Creating a Prayer Bubble over your church

10 Possible Areas to Raise Up Prayer for Sunday Ministry

By Kim Butts

Sunday mornings are undoubtedly the times of the greatest spiritual attack individuals and families face each week. We have all heard in our churches the stories of those trying to get to church on time: fighting amongst siblings, mystery stains on clothing, sudden sickness, shoes getting lost, arguments among spouses, etc. Pastors, staff, church leaders, teachers, etc. are not immune either!

Meanwhile, in the church building itself, there are often glitches with sound equipment, things that should be in a certain place have been moved without notice, etc. It would seem that preparing to attend corporate worship with other believers is not looked upon favorably by the enemy. It makes perfect sense, for he knows well that prayer and worship that proclaims and honors Jesus defeats his purposes.

One congregation we have worked with is in the process of adopting what they call an “under the radar prayer ministry” that targets these issues specifically on Sundays. They are developing and training teams to do the following:

1.     Prepare the Air: A team of people pray for each person in the congregation, and the church staff by name prior to the Sunday services. Often, this can be done throughout the week in a large congregation. Team members split up the members, and all pray for possible visitors.

2.     Parking Lot Intercession: Obviously, not every church will have the need for parking lot attendants; however, some larger churches provide cheerful people who are basically the front-line for prayer covering those who are driving onto the church property. These folks, behind the smiles and helpful hand-waving to direct cars to parking places, are being trained to pray for every person and/or family that drives in. They pray for peace, for restoration of joy, for the repairing of any brokenness in relationships, for resolution of conflicts among family members, and especially that each one will have a fresh encounter with Jesus! 

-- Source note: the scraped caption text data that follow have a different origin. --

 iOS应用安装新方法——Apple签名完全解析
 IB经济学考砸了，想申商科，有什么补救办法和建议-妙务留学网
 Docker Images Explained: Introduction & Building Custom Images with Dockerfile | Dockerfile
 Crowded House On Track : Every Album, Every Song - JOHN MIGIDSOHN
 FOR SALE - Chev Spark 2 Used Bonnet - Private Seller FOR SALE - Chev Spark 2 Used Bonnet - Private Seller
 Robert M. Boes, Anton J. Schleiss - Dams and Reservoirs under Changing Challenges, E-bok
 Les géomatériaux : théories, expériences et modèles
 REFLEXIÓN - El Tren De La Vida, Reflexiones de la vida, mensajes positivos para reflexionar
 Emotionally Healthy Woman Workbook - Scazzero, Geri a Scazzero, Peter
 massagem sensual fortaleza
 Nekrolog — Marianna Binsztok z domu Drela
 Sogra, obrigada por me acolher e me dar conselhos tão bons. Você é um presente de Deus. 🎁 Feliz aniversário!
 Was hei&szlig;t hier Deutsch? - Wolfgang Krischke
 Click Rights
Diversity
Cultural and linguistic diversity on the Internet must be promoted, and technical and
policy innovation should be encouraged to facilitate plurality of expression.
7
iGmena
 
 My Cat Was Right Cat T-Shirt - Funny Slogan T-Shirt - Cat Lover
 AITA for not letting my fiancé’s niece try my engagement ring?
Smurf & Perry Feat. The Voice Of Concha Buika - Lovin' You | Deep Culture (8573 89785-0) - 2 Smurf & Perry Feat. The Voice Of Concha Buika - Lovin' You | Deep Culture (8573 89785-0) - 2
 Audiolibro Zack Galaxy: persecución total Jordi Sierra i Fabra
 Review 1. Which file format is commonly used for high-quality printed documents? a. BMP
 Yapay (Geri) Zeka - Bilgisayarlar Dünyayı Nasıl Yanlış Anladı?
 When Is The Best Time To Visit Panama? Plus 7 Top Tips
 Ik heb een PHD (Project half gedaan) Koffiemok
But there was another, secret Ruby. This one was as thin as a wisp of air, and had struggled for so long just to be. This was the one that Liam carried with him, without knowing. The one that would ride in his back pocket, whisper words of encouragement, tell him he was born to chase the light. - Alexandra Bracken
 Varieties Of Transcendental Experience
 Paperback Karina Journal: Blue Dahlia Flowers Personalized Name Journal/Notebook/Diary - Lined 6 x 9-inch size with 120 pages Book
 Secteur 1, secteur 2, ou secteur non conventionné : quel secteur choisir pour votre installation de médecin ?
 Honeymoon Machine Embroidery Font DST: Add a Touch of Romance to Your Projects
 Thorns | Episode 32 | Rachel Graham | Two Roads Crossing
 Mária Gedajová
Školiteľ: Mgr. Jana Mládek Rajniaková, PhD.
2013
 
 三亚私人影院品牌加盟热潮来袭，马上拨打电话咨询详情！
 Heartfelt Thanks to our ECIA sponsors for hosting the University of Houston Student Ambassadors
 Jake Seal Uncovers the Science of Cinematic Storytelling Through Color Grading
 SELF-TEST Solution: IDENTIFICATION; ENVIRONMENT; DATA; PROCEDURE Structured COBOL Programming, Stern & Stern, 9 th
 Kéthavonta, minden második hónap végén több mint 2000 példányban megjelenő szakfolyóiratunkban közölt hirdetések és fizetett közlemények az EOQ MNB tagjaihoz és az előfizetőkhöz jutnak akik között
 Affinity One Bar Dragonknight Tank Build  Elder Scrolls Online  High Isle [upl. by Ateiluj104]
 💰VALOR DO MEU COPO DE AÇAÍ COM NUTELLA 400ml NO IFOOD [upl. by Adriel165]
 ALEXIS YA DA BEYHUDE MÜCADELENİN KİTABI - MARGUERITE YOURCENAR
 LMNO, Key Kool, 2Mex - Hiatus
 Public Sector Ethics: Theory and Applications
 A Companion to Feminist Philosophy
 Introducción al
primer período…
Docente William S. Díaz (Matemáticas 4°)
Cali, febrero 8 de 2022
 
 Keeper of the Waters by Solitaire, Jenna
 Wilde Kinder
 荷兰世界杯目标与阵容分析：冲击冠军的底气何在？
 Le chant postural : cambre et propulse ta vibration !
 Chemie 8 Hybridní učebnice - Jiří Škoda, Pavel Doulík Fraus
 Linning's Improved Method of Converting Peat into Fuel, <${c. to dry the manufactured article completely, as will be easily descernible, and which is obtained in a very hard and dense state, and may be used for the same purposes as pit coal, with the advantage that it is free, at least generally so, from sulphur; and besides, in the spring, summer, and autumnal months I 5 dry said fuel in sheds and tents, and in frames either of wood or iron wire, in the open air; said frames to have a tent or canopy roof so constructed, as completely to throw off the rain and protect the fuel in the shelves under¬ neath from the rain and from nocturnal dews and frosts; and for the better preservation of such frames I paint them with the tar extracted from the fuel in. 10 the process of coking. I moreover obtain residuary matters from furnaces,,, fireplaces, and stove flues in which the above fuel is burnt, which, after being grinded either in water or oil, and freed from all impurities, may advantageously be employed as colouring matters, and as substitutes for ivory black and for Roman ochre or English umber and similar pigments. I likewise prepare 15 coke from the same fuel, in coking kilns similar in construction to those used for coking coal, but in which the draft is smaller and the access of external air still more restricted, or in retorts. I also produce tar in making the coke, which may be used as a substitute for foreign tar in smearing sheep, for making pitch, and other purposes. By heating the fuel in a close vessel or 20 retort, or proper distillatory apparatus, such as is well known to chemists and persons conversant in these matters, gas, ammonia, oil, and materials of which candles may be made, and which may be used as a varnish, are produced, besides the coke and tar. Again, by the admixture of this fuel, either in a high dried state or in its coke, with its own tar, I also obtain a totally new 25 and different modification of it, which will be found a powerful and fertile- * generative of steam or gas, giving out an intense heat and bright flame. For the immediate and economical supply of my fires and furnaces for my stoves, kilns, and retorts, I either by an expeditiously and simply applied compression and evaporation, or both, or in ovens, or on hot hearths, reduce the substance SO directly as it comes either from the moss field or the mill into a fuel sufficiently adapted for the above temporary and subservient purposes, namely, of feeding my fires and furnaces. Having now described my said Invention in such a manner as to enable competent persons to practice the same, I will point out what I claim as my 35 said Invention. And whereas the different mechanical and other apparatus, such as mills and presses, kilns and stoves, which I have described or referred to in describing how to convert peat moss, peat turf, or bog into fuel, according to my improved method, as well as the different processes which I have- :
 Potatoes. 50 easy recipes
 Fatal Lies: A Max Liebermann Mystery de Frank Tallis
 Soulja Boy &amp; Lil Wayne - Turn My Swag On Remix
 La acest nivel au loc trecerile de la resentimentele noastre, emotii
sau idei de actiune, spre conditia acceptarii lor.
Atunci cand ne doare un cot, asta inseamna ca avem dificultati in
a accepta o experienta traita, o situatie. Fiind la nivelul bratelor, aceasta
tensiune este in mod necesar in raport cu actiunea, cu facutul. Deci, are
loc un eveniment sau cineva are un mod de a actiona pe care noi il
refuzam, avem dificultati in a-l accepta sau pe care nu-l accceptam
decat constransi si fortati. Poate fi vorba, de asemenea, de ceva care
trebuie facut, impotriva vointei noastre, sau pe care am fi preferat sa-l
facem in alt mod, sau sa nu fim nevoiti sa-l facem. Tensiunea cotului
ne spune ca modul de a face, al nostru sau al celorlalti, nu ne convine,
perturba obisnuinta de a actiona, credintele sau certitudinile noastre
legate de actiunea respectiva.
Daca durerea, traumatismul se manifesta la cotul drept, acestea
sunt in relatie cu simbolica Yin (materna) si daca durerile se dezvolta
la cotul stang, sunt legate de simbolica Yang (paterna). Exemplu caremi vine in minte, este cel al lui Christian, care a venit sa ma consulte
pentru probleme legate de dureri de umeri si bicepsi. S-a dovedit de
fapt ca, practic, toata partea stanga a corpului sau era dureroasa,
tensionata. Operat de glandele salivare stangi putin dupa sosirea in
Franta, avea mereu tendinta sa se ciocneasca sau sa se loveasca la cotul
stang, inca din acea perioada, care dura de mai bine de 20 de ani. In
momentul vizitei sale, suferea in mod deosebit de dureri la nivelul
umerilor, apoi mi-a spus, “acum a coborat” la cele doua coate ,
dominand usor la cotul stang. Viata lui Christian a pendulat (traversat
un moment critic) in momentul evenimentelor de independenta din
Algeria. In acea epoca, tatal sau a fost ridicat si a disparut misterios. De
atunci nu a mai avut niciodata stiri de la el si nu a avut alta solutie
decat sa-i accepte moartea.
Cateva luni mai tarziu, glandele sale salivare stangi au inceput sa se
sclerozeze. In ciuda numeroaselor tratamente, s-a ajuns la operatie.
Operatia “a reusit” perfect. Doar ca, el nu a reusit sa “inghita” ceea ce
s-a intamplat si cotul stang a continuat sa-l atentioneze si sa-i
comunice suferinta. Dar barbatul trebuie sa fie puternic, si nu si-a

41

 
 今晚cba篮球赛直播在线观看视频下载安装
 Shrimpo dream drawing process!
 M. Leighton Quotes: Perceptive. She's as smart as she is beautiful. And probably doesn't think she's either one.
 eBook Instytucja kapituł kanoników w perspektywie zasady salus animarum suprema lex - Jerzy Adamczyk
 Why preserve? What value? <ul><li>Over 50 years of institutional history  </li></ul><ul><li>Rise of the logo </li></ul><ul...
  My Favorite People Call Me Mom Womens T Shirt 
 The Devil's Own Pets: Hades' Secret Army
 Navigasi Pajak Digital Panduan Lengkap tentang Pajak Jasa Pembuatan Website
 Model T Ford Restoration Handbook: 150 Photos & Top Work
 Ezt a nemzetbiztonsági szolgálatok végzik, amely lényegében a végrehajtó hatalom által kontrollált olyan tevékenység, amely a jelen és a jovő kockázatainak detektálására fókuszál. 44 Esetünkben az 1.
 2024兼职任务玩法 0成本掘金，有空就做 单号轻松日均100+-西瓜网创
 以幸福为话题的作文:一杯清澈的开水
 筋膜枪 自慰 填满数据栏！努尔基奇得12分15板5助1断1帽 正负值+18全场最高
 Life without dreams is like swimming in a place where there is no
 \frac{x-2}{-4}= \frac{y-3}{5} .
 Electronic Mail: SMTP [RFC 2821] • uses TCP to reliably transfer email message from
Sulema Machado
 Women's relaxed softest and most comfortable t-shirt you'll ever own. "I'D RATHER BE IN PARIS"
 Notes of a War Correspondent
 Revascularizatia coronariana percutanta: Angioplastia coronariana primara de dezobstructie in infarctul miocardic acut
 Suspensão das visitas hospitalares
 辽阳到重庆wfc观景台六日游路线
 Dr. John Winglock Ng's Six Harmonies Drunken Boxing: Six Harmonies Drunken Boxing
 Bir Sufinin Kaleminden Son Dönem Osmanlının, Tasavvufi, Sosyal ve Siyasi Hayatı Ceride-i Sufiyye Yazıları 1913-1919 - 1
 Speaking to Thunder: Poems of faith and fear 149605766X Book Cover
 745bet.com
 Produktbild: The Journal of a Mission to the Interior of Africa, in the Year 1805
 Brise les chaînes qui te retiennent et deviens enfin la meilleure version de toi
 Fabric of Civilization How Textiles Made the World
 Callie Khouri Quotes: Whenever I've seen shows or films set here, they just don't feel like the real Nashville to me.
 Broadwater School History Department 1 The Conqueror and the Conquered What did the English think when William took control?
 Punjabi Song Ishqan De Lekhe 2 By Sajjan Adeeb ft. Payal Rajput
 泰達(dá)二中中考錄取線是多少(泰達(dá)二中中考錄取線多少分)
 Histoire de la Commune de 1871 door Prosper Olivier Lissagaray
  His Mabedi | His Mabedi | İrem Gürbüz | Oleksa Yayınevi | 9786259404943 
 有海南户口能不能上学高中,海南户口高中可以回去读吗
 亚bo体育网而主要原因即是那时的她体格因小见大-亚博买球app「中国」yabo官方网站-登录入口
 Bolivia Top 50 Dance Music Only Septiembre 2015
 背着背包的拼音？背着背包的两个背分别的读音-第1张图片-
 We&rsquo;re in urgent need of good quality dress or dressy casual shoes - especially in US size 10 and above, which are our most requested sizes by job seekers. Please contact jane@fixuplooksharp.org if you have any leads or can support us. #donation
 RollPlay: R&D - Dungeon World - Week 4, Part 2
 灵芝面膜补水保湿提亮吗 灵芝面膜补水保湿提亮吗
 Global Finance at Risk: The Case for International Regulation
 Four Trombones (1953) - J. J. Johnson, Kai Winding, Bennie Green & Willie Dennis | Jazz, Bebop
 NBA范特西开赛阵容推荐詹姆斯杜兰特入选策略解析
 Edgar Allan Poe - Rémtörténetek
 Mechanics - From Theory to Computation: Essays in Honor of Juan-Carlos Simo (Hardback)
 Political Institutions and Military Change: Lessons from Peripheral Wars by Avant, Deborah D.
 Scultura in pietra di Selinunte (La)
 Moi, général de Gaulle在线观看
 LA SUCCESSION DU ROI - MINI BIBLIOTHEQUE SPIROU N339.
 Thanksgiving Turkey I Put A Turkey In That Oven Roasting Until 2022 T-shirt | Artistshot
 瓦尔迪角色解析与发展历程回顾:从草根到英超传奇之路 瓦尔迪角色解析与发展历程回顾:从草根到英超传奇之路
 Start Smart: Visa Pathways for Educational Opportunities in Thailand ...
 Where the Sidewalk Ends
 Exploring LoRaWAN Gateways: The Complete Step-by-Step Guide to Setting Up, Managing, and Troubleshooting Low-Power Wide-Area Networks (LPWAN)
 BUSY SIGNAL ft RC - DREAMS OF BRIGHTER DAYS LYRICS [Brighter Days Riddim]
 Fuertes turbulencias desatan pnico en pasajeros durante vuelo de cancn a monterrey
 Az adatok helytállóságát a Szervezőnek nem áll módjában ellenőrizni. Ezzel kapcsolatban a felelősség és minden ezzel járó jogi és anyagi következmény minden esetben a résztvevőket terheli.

3.     Greeters: For most churches, these people become the front line of intercession if parking lot attendants are not employed. Similar training happens with these folks! As they welcome people into the building, they are also praying for them to enter into an atmosphere of peace, joy, restoration, renewal, etc. Many of these people are also part of the Need Prayer? Team (see below), but it is not a requirement for a greeter. Quiet, inner prayers on behalf of those who enter the building are just as powerful and effective as those spoken out loud.

4.     Need Prayer?: Members of this team wear a round tag, identifying themselves as people who can be approached if there is a prayer need. They will pray immediately with anyone who wishes to be prayed for at any time. In between praying with people they walk around the atrium or entry area . . . or wherever the Spirit leads them in the building to pray. They want to remain visible and available to anyone with a need or a burden.

5.     Building Cleansers: The janitor or janitorial staff is trained to not only clean the church building physically but also spiritually. As they move from area to area, they pray for those who are in each office, Sunday school room, etc. Any who work on the gardening/mowing, etc. are given ways to pray as they work on the grounds . . . asking God’s presence and blessing to surround the property inside and out.

6.     Communion Prep Team: As communion is prepared, this team prays for each one who will partake . . . that he or she will take the bread and the cup in a worthy manner, and that it will truly be a time of remembrance of the sacrifice of Christ.

7.     Ushers: Those who pass out bulletins or show people to their seats or take up the offering, etc. are taught to pray for the people they are serving.

8.     Sanctuary Sanctification: Prior to services, this team walks through the sanctuary or wherever the church meets, praying over each chair, that sound equipment and technology will work as it should, and that the service would bring honor and glory to God.

9.     Pre-Service Intercession: Whether in the prayer room or some other location, a team of intercessors lifts up the children and youth,  teachers, helpers and volunteers. They also pray for any visitors that might come, and for all who enter the building to be met with a sweet presence of the Lord. They pray for the power of the Spirit to speak through the preacher and that the entire worship service might be pleasing to the Father. They sometimes walk through the building praying as they go--an internal prayer walk!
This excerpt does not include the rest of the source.